Who Qualifies as a Debt Collector Under Washington Law?

Debt collection is regulated by the Washington collection agency law to protect debtors from aggressive collectors. Debt collectors are required to obtain a yearly license from the Washington State Department of Licensing (DOL) and post a bond before collecting debts. The definition of a debt collector under this law is similar to the definition of the Federal Fair Debt Collection Practices Act (FDCPA). However, the FDCPA does not apply to lenders seeking to recover unpaid debts on their own. State laws regulate abusive collection practices by original creditors.

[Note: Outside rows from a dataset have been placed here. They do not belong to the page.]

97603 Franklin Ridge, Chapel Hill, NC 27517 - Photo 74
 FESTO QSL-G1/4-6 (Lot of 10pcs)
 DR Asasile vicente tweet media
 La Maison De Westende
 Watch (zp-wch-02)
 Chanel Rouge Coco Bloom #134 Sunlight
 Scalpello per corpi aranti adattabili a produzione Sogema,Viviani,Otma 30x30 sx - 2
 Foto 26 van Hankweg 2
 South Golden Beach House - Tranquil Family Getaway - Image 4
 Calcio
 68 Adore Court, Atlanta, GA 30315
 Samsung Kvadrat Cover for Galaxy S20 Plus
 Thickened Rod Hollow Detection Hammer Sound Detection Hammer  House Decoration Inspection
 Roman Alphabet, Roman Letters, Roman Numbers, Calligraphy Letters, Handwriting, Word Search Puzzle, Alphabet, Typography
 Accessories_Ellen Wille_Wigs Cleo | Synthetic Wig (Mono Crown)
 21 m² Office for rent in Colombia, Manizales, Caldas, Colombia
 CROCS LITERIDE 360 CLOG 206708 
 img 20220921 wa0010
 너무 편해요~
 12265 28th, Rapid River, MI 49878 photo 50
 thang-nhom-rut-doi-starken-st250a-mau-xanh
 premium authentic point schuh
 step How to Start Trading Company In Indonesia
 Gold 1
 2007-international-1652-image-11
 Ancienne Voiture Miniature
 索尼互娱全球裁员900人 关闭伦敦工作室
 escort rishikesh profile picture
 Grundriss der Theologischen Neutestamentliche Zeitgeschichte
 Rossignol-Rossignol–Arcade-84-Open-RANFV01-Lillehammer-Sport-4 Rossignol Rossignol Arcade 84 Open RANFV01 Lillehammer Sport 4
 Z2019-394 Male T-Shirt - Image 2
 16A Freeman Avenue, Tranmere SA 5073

How Do Debt Collectors Work?

An authorized debt collector must abide by the Washington collection agency laws while retrieving past-due debts. Debt collectors can contact you to retrieve unpaid debts through the following ways:

Send Letters

Licensed debt collection agencies will send letters to the address you gave your creditor. In case you’ve moved to another location, collection agencies can send letters or notices to your new address to collect a debt. When they send you letters, they’re required to give you the following details about your debt:

  • business name and address of the debt collector
  • name and account number of the original creditor
  • date of your last payment to the original creditor
  • a statement including the principal amount of the debt (including additional fees)

Phone Calls

Debt collectors will reach you through the contact number that you have provided to your creditor. A debt collector is only allowed to communicate with you (or your lawyer) or others liable for the debt. In case they can’t reach you by phone, they may call your employer or other people who may know how to contact you. Debt collectors can call you several times between 8:00 am until 9:00 pm (local time).  Any phone calls made outside this time frame are considered harassment.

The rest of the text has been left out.